The decision of the Ontario Securities Commission (the “OSC”) in Neo Materials Technologies Inc. may signal a change in the regulatory approach to shareholder rights plans. Regulators may now be showing more deference to the actions of target boards in adopting and continuing shareholder rights plans, particularly where the facts demonstrate that the board adhered to a proper process in implementing the plan and shareholders have approved the plan on an informed basis.

In Neo, the target (“Neo”) was the subject of a hostile partial take-over by Pala Investment Holdings Limited (“Pala”). The Pala bid was a “permitted bid” under Neo’s existing rights plan since the Pala bid was open for acceptance for 60 days rather than the statutory minimum of 35 days. Prior to its expiry, the Neo board adopted a “tactical” rights plan, which was approved by Neo’s shareholders. The new rights plan did not include a partial bid within the definition of a “permitted bid”. Pala requested that the OSC cease trade the Neo rights plans in order to allow its bid to proceed.

The OSC declined to issue a cease trade order. Pala argued that the only legitimate purpose of a rights plan is to provide a target board with additional time to seek alternative transactions to enhance shareholder value as part of an auction process. The OSC stated that, in considering whether to exercise its public interest jurisdiction to cease trade a rights plan, it will carefully assess all circumstances surrounding implementation of the plan, including whether “informed shareholder approval” was given. The OSC stated that, while it would not decline to exercise its jurisdiction to cease trade a rights plan in appropriate circumstances, deference should be given to legitimate decisions of the board of directors of target companies. While “fully informed” shareholder approval of a tactical shareholders’ rights plan is an important consideration in determining whether to allow a plan to continue, the OSC noted that shareholder approval will not necessarily prevail in circumstances where it can be shown that the target directors failed to carry out their duties in the best interests of the corporation and the body of the target shareholders, or there is evidence of undue pressure on target shareholders by management or the board to approve the plan. The OSC concluded that the Neo shareholders were “informed” and that the board’s decision to implement the plan was a product of its bona fide business judgment. The OSC found no evidence of coercion of Neo shareholders by the board or management.

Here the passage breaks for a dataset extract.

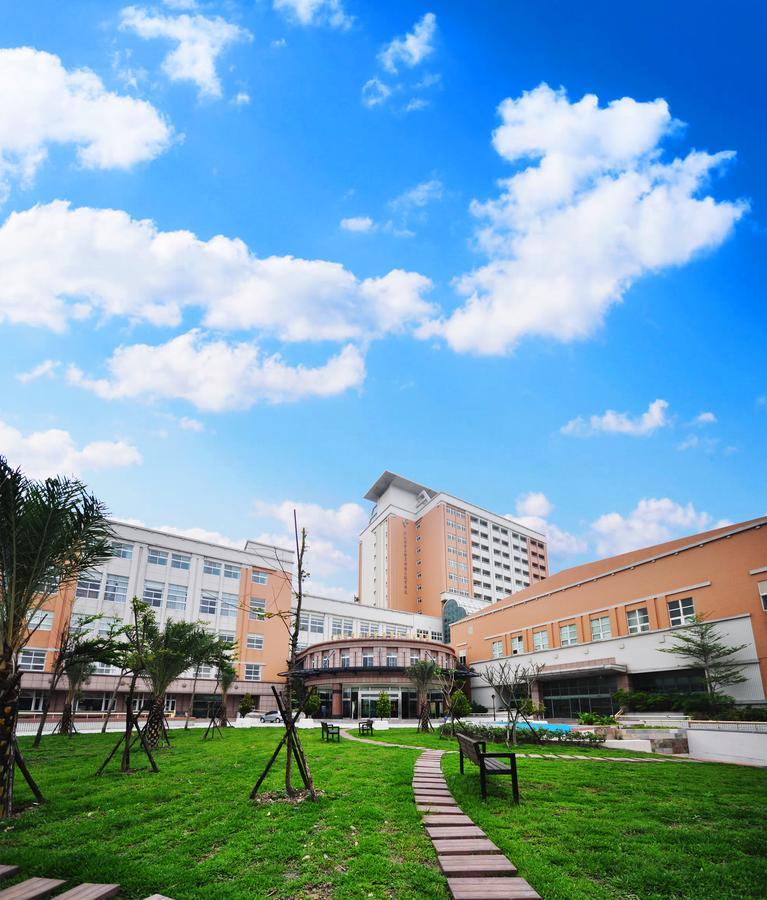 Uni-Resort Lukang Luaran gambar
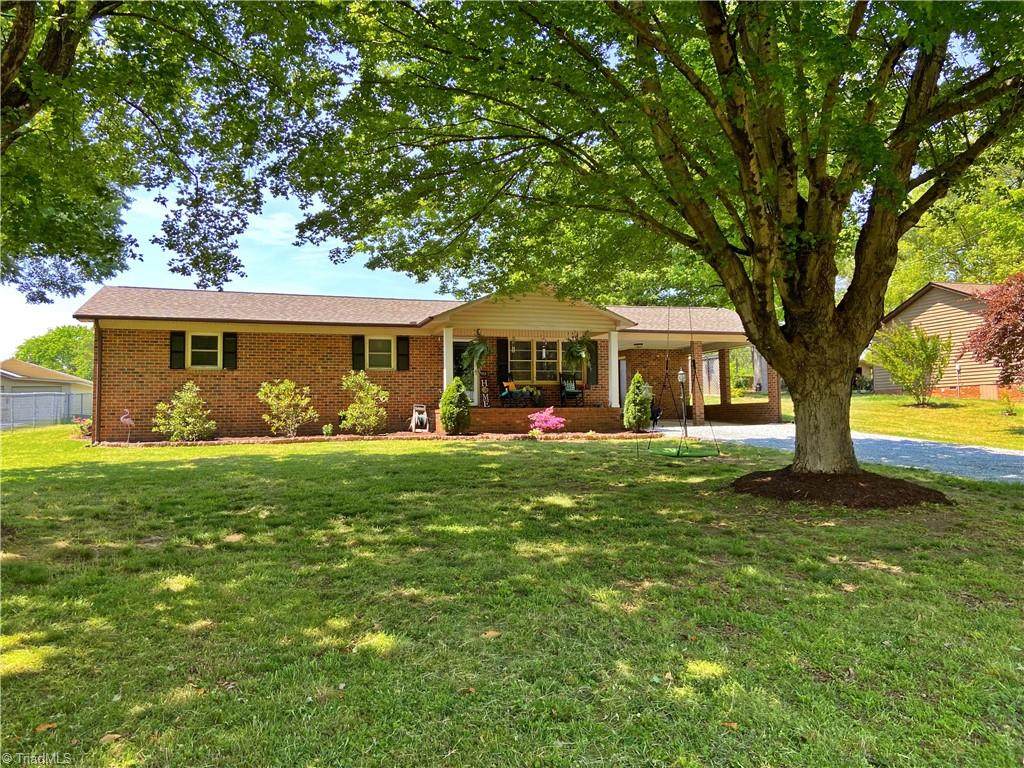183 Oak Knoll Drive - Photo 1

The Neo reasons are interesting in terms of the OSC’s acknowledgment of the “business judgment rule” (which is largely a product of US jurisprudence). The OSC emphasized that directors’ fiduciary duties are broad and must be considered in the context of the particular situation. The Neo decision suggests that the duty of directors in the context of a change of corporate control is not merely confined to short term profits or share values and it is appropriate for directors to look to the long term interests of the corporation where the corporation is operating as a going concern. The decision is fairly clear that the purpose of a shareholder rights plan (including a tactical plan) is not limited to simply providing sufficient time to the target board to conduct an auction for the company or to seek alternative bidders. A rights plan (including a tactical plan) may be implemented by a target board to protect the long term interests of its shareholders. A board may legitimately determine that, in the face of an unsolicited bid, it is not necessarily in the best interests of the corporation to run an auction for the company at that precise point in time.

Canadian securities regulators have historically approached rights plans from the perspective of considering not if, but when, a rights plan should be terminated by a cease trade order. In Neo, the OSC rejected that analysis with the proposition that as long as the rights plan continues to allow the target board to fulfil its fiduciary duty, then the plan has a purpose and should be allowed to continue. Neo may, however, be factually different than most typical rights plan cases which do not always involve shareholder approval of a tactical rights plan during an unsolicited bid.